> [Required action]: A verbatim reproduction of the following listing is required; omit the pictures.

Dataset excerpt START

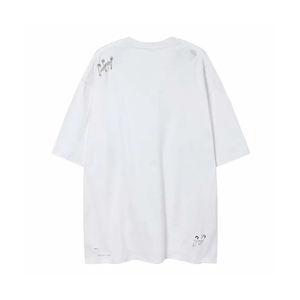 Camisetas holgadas de gran tamaño estilo Vintage para hombre al por mayor lavado ácido desgastado 180 gramos manga corta cuello redondo ropa de calle larga - Product Image 4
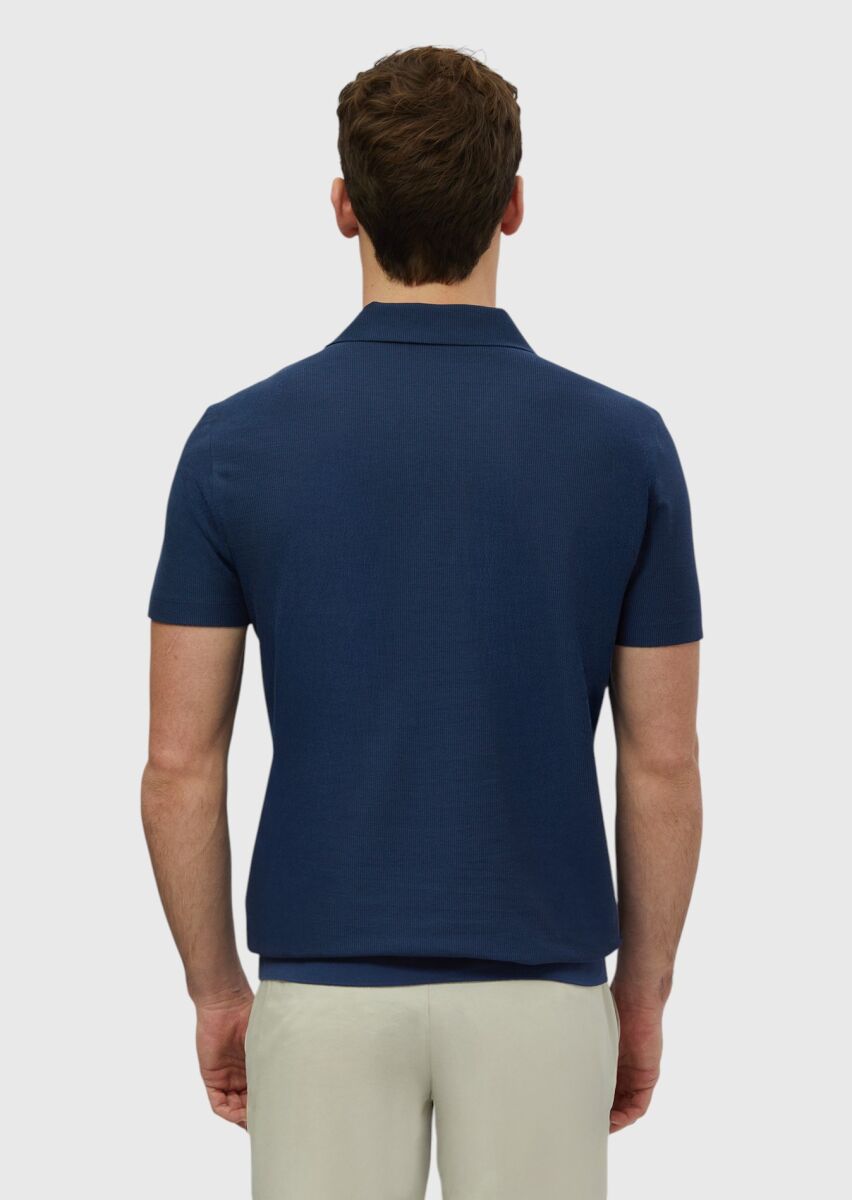 İndigo Jakarlı Polo Yaka %100 Pamuk T-Shirt - 6
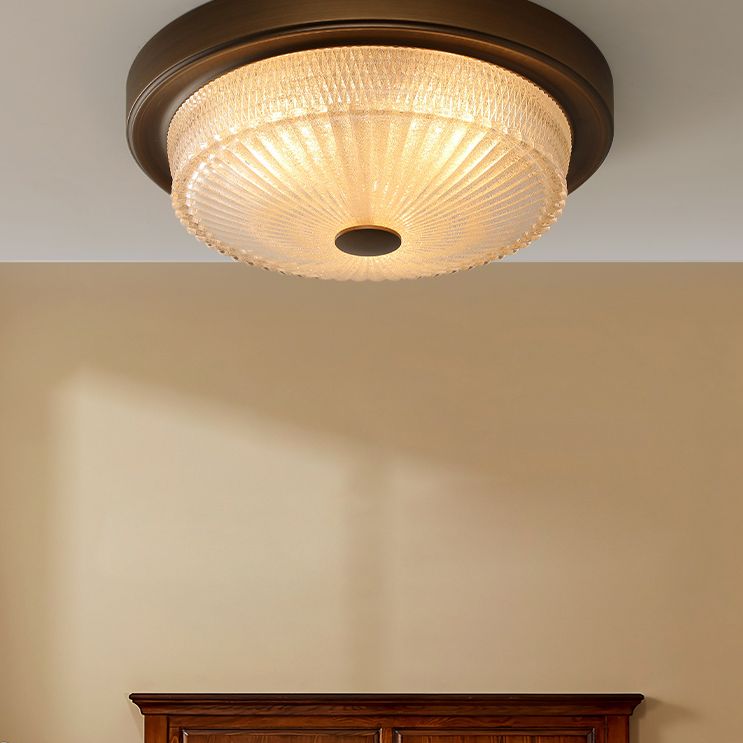 American Ceiling Light Bronze Glas Lampenschirm 1 Light Flush Mount Light für Indoor Room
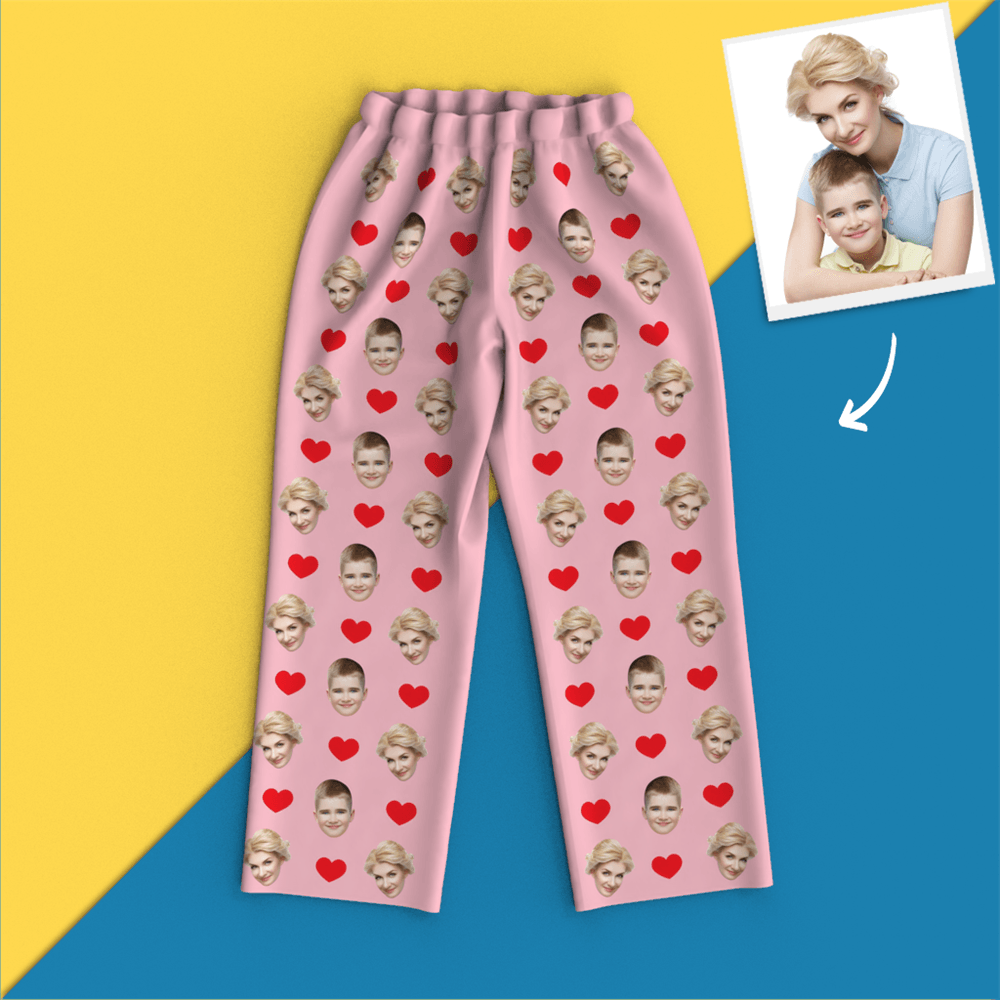 Custom Heart Pajamas With Face - MyFaceBoxerUK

Dataset excerpt END

> [Answer to the exercise]:
 Camisetas holgadas de gran tamaño estilo Vintage para hombre al por mayor lavado ácido desgastado 180 gramos manga corta cuello redondo ropa de calle larga - Product Image 4
 İndigo Jakarlı Polo Yaka %100 Pamuk T-Shirt - 6
 American Ceiling Light Bronze Glas Lampenschirm 1 Light Flush Mount Light für Indoor Room
 Custom Heart Pajamas With Face - MyFaceBoxerUK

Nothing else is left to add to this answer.